Cooper, the wildlife biologist, noted that the Station fire took out
trees along the streams, such as white alder. Large trees are like
straws, sucking water from rivers and streams, and in their absence, he
said, there has been a measurable increase in stream levels in the
Angeles National Forest. Elsewhere along the road, a row of roasted pine
trees offered clues to the fire's behavior. Their brown needles point
sideways, petrified at an acute angle, like a heavily gelled hairdo.
This, the scientists explained, is an example of "fire freeze," the
result of a hot wind blasting through, wringing the last drop of
moisture out of the tree. Where some see withered plants and scoured
hillsides, Beyers sees decades of patient aspiration come to fruition --
the "shooters and seeders." Trees that have lost limbs to fire will grow
new, sturdier arms. Plants that have been annually depositing seeds in
subterranean "seed banks" will be rewarded with young growth rising out
of soil rejuvenated with nitrogen-bearing nutrients. "There are seeds in
the soil here that have been waiting decades for this chance," she said
wistfully. Indeed, for some growing things, fire is a bonanza. Certain
species of conifers require heat to release seeds from their tightly
closed cones.
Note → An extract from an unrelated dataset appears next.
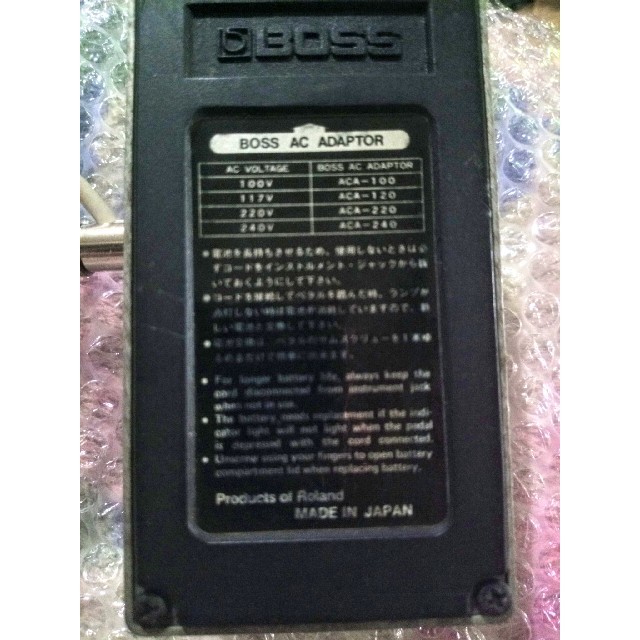 BOSS(ボス)のboss noise gate nf-1 ビンテージペダル 楽器のギター(エフェクター)の商品写真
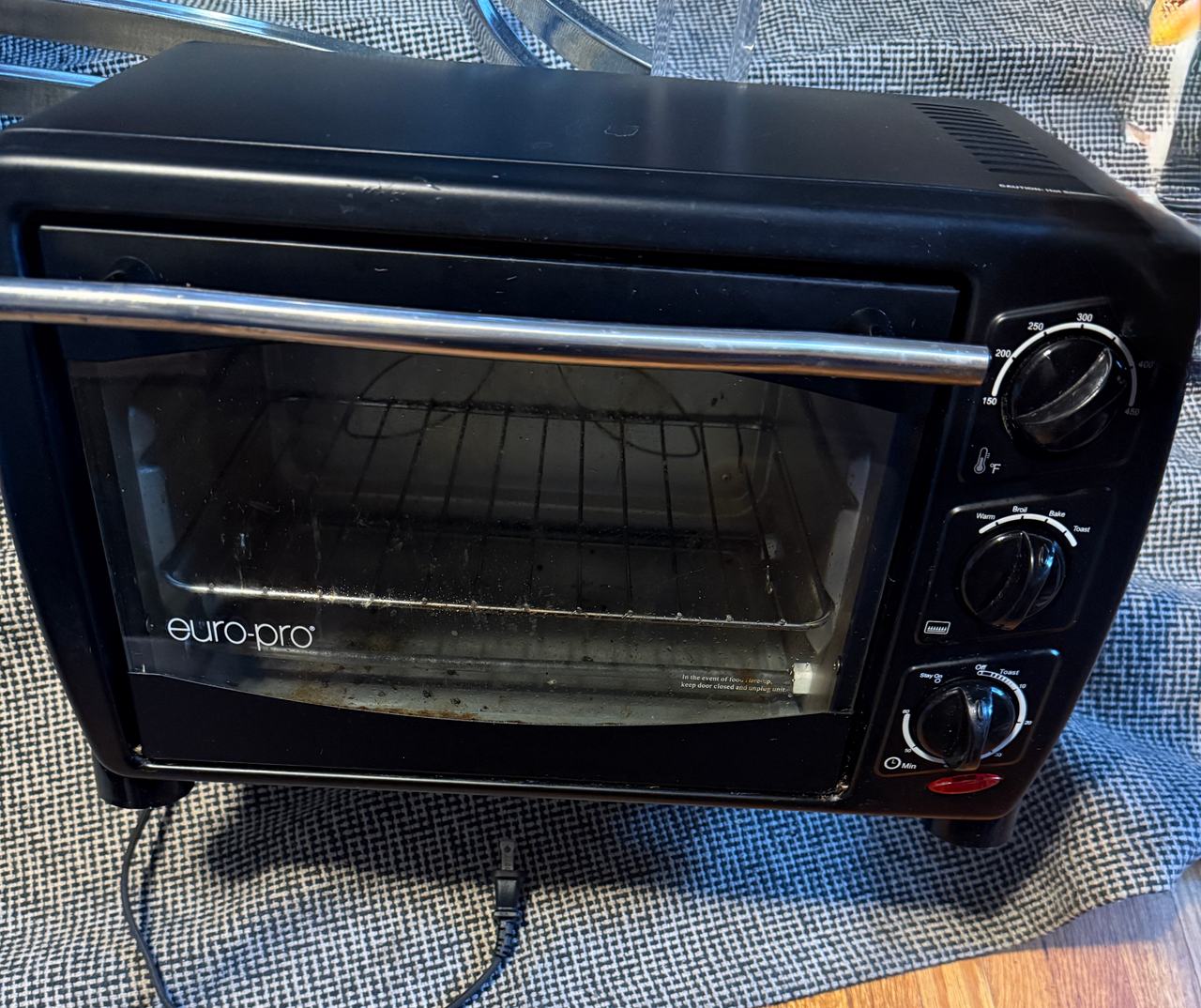Euro-Pro Toaster Oven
Some plants need the fire's heat to crack hard seed
coatings in order to sprout. Some plants thrive on the chemicals
produced from ash leaching into soil. Smaller bushes, crowded out by
larger neighbors before the fire, flourish afterward in their newfound
elbow room. The seed caches of ground-dwelling rodents will be
disinterred, and the still-viable seeds dispersed by ants and birds,
everyone pitching in to repair their habitat.
In the San Gabriels' chaparral system, more plants survive fire than
most people think, Beyers said. That's explained, in part, because of
"fire residence," or the length of time that flames and heat linger in a
particular spot. Chaparral plant communities don't produce a lot of leaf
litter or vegetation that accumulates on the ground, which would become
fuel for fires. Then there is the profusion of wildflowers that will
debut in the spring. The fire followers: purple lupines, morning
glories, California poppies, larkspurs, wild sweet peas and snapdragons.
"Ten years from now," Beyers said, taking in the charred hillside and
smiling, "you can come back here and never know there was a fire at all."